Is it made by Miller? With the digital readout? Looks kind of like this?
If it is, I'd stop worrying so much, the humidity readout on those DO NOT EVER read accurately, at least not for long. The electronics get a whiff of moisture the very first time it is used, and never give you an accurate readout again. Just go with room humidity. Chicks are tough, you've got a bit of wiggle room. I use one of these, it's an awesome beginner unit! I don't even trust the temperature though, and for me the probe has to be in a VERY specific spot, and NOT on top of the eggs, to affect the heater properly and to get good results. But I'm...a bit anal...LOL I maybe obsess a bit. Stress a lot. Check readouts 12 times a day. I turn by hand, so I candle a LOT. I used to do it every night, but now I'm confident enough to only candle every few days lol. I figure, hey, I'm handling the eggs anyway, why not? It's served me well--I can now identify an early quitter before they're dead, and remove it before it contaminates any eggs it's touching, in theory. Obviously, a turner would prevent contamination of that sort, since the eggs don't touch each other, but I've never used one, and I'm not sure I would want to, since some eggs I incubate like Muscovy, do better with less frequent turnings.
Candle, candle, candle. You will learn as you go. It's helpful to mark the air cell and track it's shrinkage by marking it again every few days. By hatch day, it should be taking up almost 1/3 of the egg at the fat end. Some people track by weighing their eggs--they lose weight as incubation progressses, and at hatch time, a healthy chick in an egg will have lost what feels like almost half the weight the egg weighed initially, but will actually be only about 15%.
Shuffle the eggs about the incubator every time you turn the eggs so none stay in "hot" or "cold" spots for very long. I personally do this by taking the first 4 or 5 eggs from the top left out, rolling the remaining row to the left, and adding the next row up (turning as I go) until I put the ones I removed on the bottom right and closing it up again.
Most of Ontario is VERY humid, at least 10 out of 12 months a year.
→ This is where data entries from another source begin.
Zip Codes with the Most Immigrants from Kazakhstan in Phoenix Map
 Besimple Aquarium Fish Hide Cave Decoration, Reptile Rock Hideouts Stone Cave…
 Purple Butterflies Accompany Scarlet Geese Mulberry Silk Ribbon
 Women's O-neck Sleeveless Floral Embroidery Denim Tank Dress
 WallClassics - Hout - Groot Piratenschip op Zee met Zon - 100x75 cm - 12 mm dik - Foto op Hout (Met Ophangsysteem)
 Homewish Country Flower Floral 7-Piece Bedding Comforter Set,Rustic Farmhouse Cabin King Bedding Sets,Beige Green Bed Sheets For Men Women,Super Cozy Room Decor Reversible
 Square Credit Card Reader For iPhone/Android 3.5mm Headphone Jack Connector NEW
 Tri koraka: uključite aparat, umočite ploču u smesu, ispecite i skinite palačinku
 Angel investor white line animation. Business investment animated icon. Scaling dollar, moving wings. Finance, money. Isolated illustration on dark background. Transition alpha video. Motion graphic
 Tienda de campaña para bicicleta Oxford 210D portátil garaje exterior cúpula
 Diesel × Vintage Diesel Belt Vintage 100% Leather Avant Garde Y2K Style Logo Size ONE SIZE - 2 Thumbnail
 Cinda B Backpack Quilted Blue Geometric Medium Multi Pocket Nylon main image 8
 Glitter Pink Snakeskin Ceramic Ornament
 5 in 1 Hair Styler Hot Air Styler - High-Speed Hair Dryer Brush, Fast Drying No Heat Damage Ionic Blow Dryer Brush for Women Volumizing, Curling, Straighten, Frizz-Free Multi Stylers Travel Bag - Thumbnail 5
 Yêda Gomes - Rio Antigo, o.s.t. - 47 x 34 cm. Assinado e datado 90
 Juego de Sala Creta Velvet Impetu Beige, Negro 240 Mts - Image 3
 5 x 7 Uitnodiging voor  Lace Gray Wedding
Still-air incubators do NOT remove loads of moisture from eggs. In my limited experience, a little less moisture is better than a little more. I never use a dehumidiier, or use air conditioners, so I never have to add water, EVER. If you think broody hens do it better, well I can tell you that last year, they didn't. Chicks drowned or suffered heart failure still in the eggshell. Wet year. "Dry" chicks stand a chance, but wet ones die or hatch with all sorts of horrific anomalies or sickly, and then die.
But, you can obsess and fine-tune, later. What are you waiting for? Throw some eggs in there and get to it! Failures are AWFUL, and guilt-inducing, but there's really no other way to do it, than get your hands dirty with your first hatch. Or your fifty first. I hatched eggs for three or four years using nothing but an old-school oil-lamp: after that, a styrofoam incubator might as well be heaven :-D
If, down the road, you decide this way is too much for your heart, you can invest $$$ in a Brinsea or a cabinet incubator with a humidity pump. Set it and forget it. But, personally, I haven't invested because I'm (anal) still learning as I go and even a single failed egg is a learning experience for me. I've had hatches ranging from 30% to 100%, and some have been heartbreaking. 90% of the ones that have been heartbreaking have been because the humidity was too high. Others were high temperature spikes. Again, a little less is better than a lot more.
The bad ones are mitigated by the good. 3 weeks under heat and tender care, and you have live babies! What a miracle is that?! You can literally take a breakfast egg, stick it under a light bulb or over top of a candle flame, and three weeks later have a live peeping chick looking o you to feed it. How cool is that??